▶ [Task details]: Look through the data below and output, unchanged, every line from the one holding "Abanico Grande de" through the one holding "From Merida: Celestun, flamingos", inclusive. Skip the pictures.

▶ [Data supplied]:
= = = = = = =
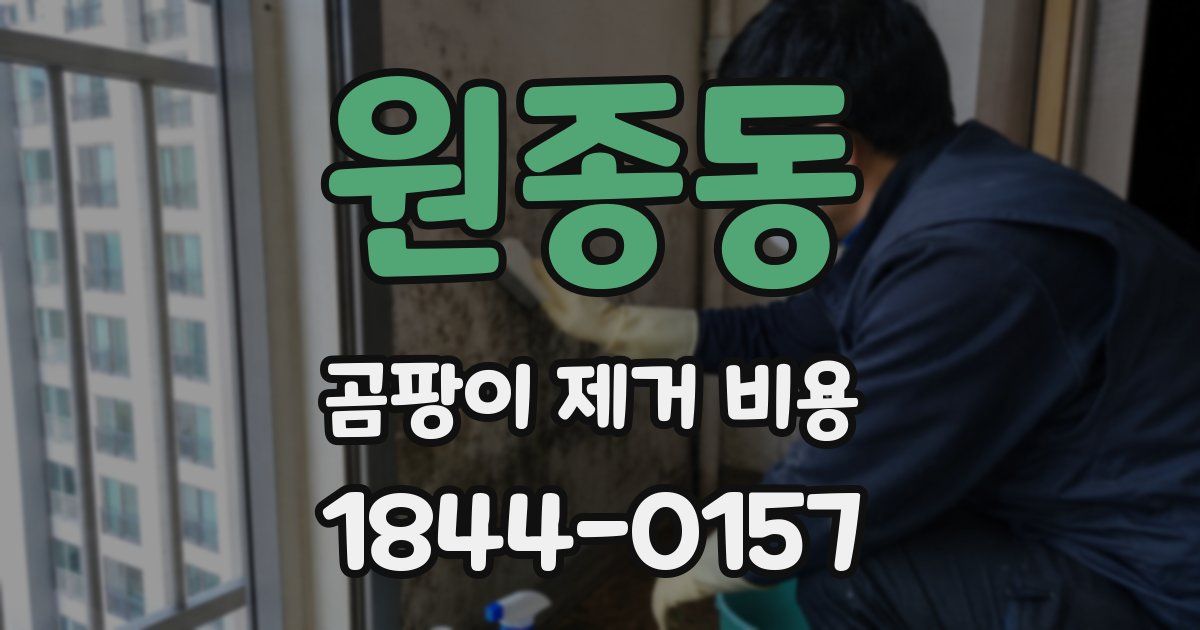 원종동 곰팡이 제거 비용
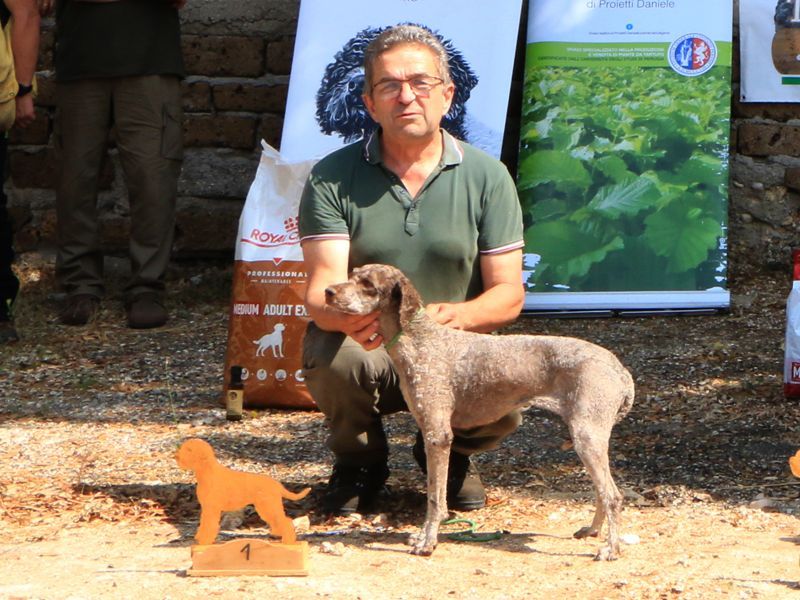 terni25-02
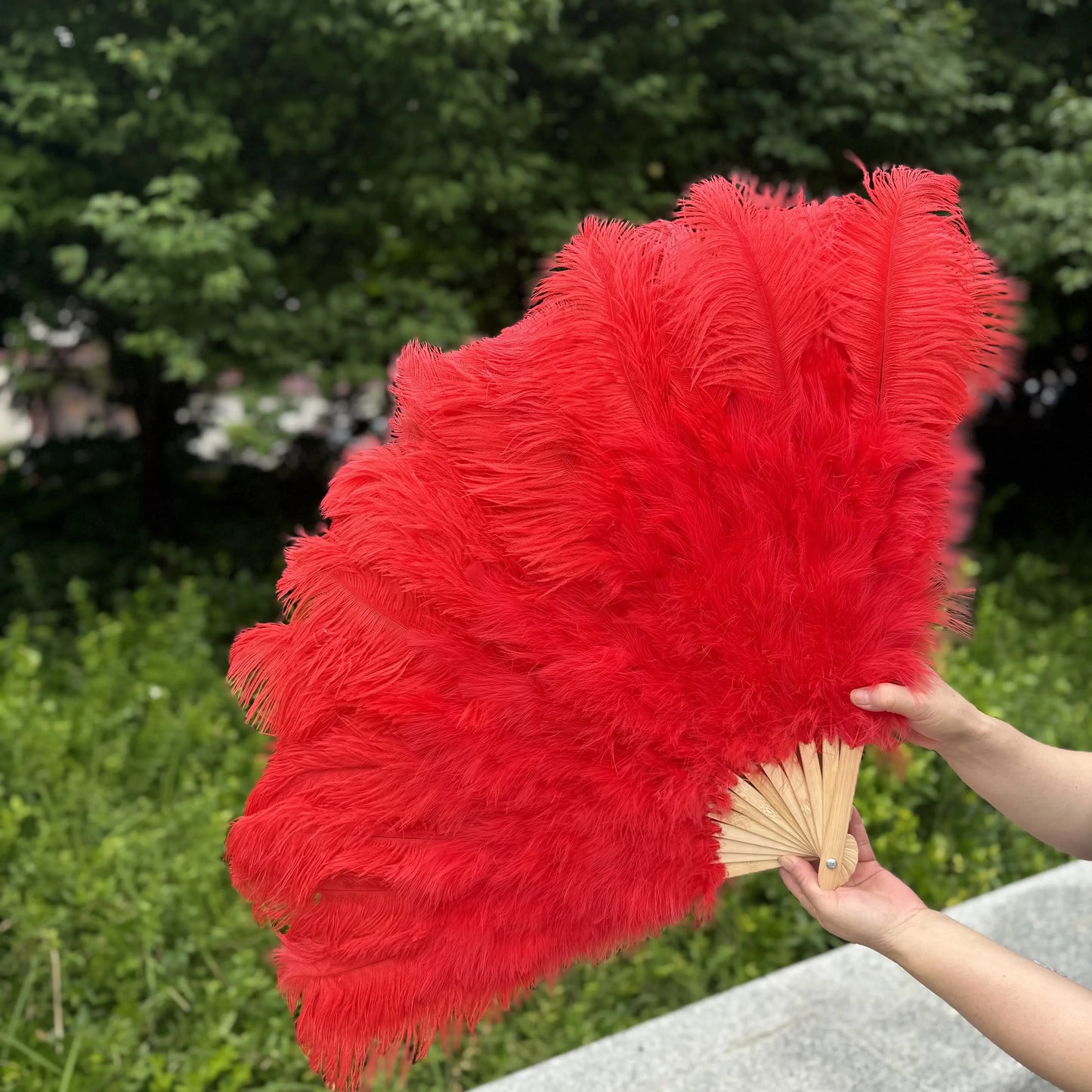 Abanico Grande de Plumas de Avestruz Blancas – Elegante Abanico para Baile y Actuaciones Escénicas (100 cm / 130 cm)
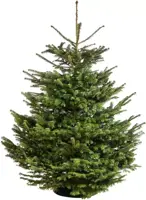 Echte Nordmann kerstboom gezaagd 225/250 cm (Ardennen) - afbeelding 1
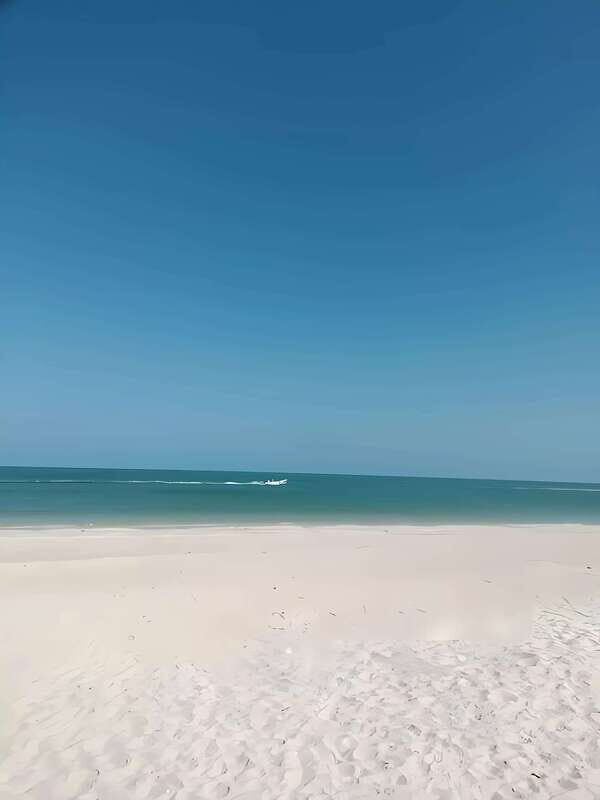 From Merida: Celestun, flamingos and beach - FAQ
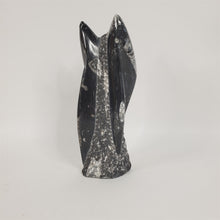 Load image into Gallery viewer, Large 9-1/8" Orthoceras Fossil Tower Crystal from Morocco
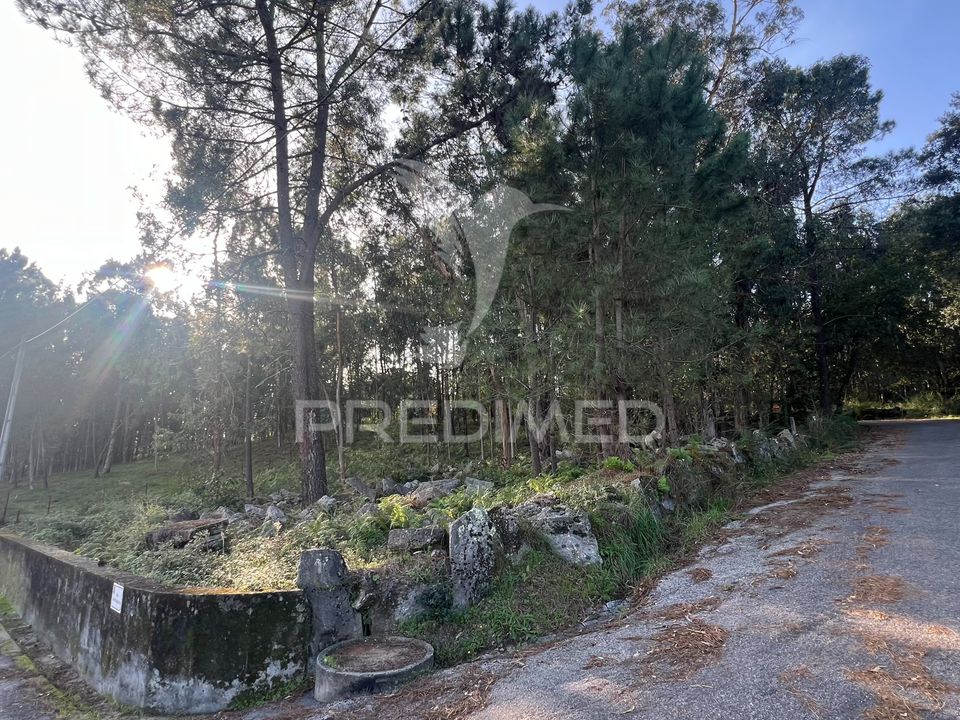 Helårsgrund i Vila Verde, Braga - foto 4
= = = = = = =
▶ [Response to this task]:
 Abanico Grande de Plumas de Avestruz Blancas – Elegante Abanico para Baile y Actuaciones Escénicas (100 cm / 130 cm)
 Echte Nordmann kerstboom gezaagd 225/250 cm (Ardennen) - afbeelding 1
 From Merida: Celestun, flamingos and beach - FAQ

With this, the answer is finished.